実際、独り身の時は更新日を越えて同じところに住み続けたことはありませんでした。
なぜ、引越しがすきなのか。
不要な物を捨てられてすっきりできることが、その理由の一つかなと思います。
「引越すから」という言葉一つでかなりの物を思いきることができます。不思議なことに「なんでこれを後生大事にとっておいたんだろう」と思うものが毎回かならず出てきます。
日頃あまり思いきりが良くないわたしにとって、引越しはすっぱり決別できるいい機会なのです。
次に暮らし癖がリセットできること。
間取りがかわるので、同じ家具を置いていても部屋の景色がガラリとかわってきます。
配置を考えるのに間取り図とにらめっこしながら生活動線を見なおしたりしているうちに、自分の暮らしぶりを俯瞰でとらえることができます。
わたしは日々のことにとらわれてつい視野が狭くなりがちなので、こういう時間が大切なのだと思います。
そして一番の理由は、環境がかわること。
海が近かったり街の真ん中だったり、目に見える環境はもちろん、その場所によってご近所さんの様子もかわります。
おすそ分けの慣習があるところ、住民同士ほとんど交流がないところ。こどもが多いところ、年輩者が多いところなど、いろいろです。
そんななかで経験できること感じることも様々です。
チクっと刺さるような出来事があったら、自分の言動も見直します。気持ちがあたたまることが起きたら感謝の気持ちを思い出すことができます。
そういえば、こどものころから人の中に紛れて「あぁ、この人はこういう時に怒るんだ」「楽しい時はこんな仕草をするんだ」と観察して自分だったらと想像するのがすきでした。
マクロビオティックを知ったいまでは、陰陽にあてはめて考えることもたのしくなってきました。
自分に自信のないわたしは、いつも一歩も二歩もうしろに引いてしまっています。
一歩前へ踏み出すということが、まだまだ苦手です。
まるで自分のまわりにかたい殻をまとい、その中から外の世界をうかがっているようです。
引越しをすると自分をとりまく環境はくるりとかわります。

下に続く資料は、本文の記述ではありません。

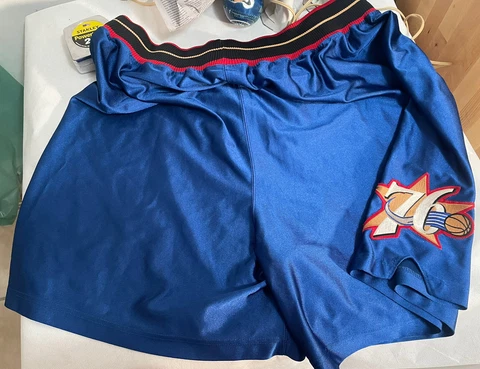 Champion Authentic Philadelphia 76ers shorts Sixers size 50 Iverson vintage 90s Cover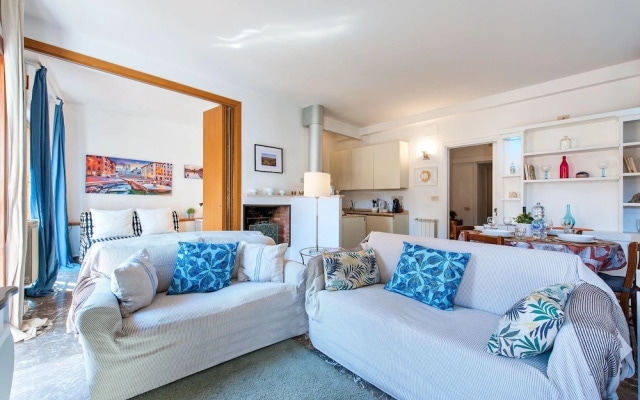 Spanish Steps Apartment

チクリと刺さるような出来事も刺さってくる方向が、気持ちがあたたまる出来事はその温度がかわってきます。
わたしは殻越しに感じる、そのくるりとかわる感覚がなんともすきだったので、引越しを繰り返していたのだと思います。
自分発信でかわるのが苦手なわたしは、まわりの環境をぐるっと力技でかえることで、すこしずつかたい殻にヒビをいれてもらおうとしてきたのかもしれません。
ここ数年、引越しができない中でその感覚が得られないことに不満を感じてしまっていました。
でも最近になってやっと、そのせいにするのはずるいな、中からも殻を破っていけるはずなのにな、と思うようになりました。
桂剥き投稿で感じたあの気持ち、得ることのできたかけがえのないものを忘れずに、前に。
【2016. 7.19 秋乃記】
<マクロ美風より>
私も引っ越しが大好きなので、あなたの書かれているお気持ちはとてもよくわかります。
環境が変わると気持ちがスッキリして、血液がグングン流れるような気持ちになりますよね。
私もちょうど1年前に京都に部屋を借りて、久しぶりにその感覚を想い出しました。
今は落ち着いてきて、新しい場所の陰性さを楽しんでいます。
ところで、環境を変えて自分をコントロールするのは、ある意味で受け身なんですよね。
それはそれで良いことも多いのですが、それに頼りきってしまうと、受け身のままの人生になってしまいます。
それはマクロビオティックの陰陽でいうと陰性なので、「積み重ねる陽性」を意識して暮らしてみるのも良いと思います。
同じ場所に住み続けるのは時間という陽性がありますね。
桂剥き投稿期間は、ひたすら積み重ねの時間でした。
そしてあなたは桂剥き美人に選ばれてまな板をゲットしました。
(どうやら、使わずに大事にとってあるようですね 笑)
そのまな板はご自分で頑張って殻を破った結果です。
しょっちゅう引っ越しを繰り返す暮らし方は、根無し草という表現があるように、それは陰性な生き方になります。
(動くから陽性という考え方とはちょっと違いますね。)
あなたの中には強い陽性があります。
(陰性さもしっかり同居していて厄介ですが)
その陽性さを処理しきれなくなって転居を選ぶのです。
上手に陰性を取り入れると、案外同じ場所でも平気で暮らせるようになりますよ。
視線をもっと大きなもの(陰性)に向けましょう。
大きければ大きいほど、早く陰陽変化が起こります。